Sergej Dovlatov, Il libro invisibile, Sellerio, pp. 184, euro 10

Chi l’ha detto che per essere russi bisogna pagare ancora dazio al demoniaco abissale angosciato dell’eredità dostoveskiana? E che il libro invisibile sia solo quello postmoderno che è fatto di impalcature teoriche e divagazioni di ogni tipo? Di libri invisibili Sergej Dovlatov fu costretto a metterne da parte molti, per il semplice fatto che non poterono mai essere pubblicati nella sua URSS, per i suoi lettori, nella sua amata lingua, ma soltanto in America.

Laureato ‘scrittore’ da Brodskij e accolto come un promettente talento da Vonnegut, giornalista indisciplinato di provincia, cacciato dall’università per lo stesso motivo, poteva un formidabile bevitore di vodka (morto a soli 49 anni) ricalcare le orme apocalittiche del dissidente Solženitsin?

Per Sereza fu sufficientemente drammatico l’esilio, la notizia più tragica dopo “la morte di Anna Karenina”. La letteratura è la mia vita, scriveva Dovlatov, e in questo senso -come racconta Mauro Martini- è stato l’ultimo scrittore sovietico prima del neocapitalismo, quando ancora la letteratura aveva un ruolo fondamentale nella cultura russa.

Vocazione, ambizione, venerazione per l’opera scritta, leggo quindi sono, nel bene e soprattutto nel male: per Dovlatov questo si traduceva con molta naturalezza e bonarietà nel sacro rispetto di Puskin, patria portatile dei russi, nel mito delle poesie di Brodskij e per rovescio nell’invidia e la mediocrità dei colleghi fino al conformismo della propaganda, la lingua della parola al potere.

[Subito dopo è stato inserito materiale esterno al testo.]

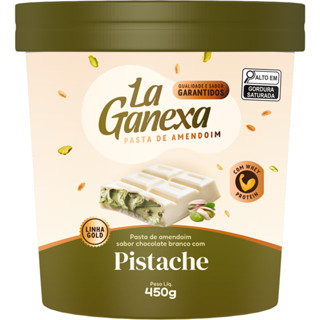 Pasta de Amendoim La Ganexa Pistache e Chocolate Branco Combinada com uma boa Dose de Whey Protein em Oferta na Shopee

In America Dovlatov ci arrivò nel 1978 da solo e con una valigia, unico bagaglio che l’Urss concedeva di portar fuori. Un anno prima era arrivato il microfilm del Libro Invisibile, ottavo testo pubblicato da Sellerio che resiste alle lusinghe di  Einaudi e Adelphi. E’ la cronaca autobiografica della sua fallimentare carriera letteraria fatta di rimandi, rifiuti e censure. “Uno scrittore non può abbandonare la sua attività. Questo lo porta inevitabilmente a una distorsione della sua personalità. Ecco perché penso a Gubin con trepidazione e speranza”. Ed è al mondo degli scrittori come Gubin, convertiti a funzionari della centrale del gas (e viceversa) che Dovlatov è sodale, allo sgangherato impero di personaggi crudeli, saggi, pazzi e generosi  che popolano il caos sovietico.

Anche qui Dovlatov rovescia le cuciture di un destino amaro sempre in primo piano, con una prosa levigata, colloquiale e controllata, pura e ordinaria nello spazio di una riga. Tutt’altro che letteratura invisibile.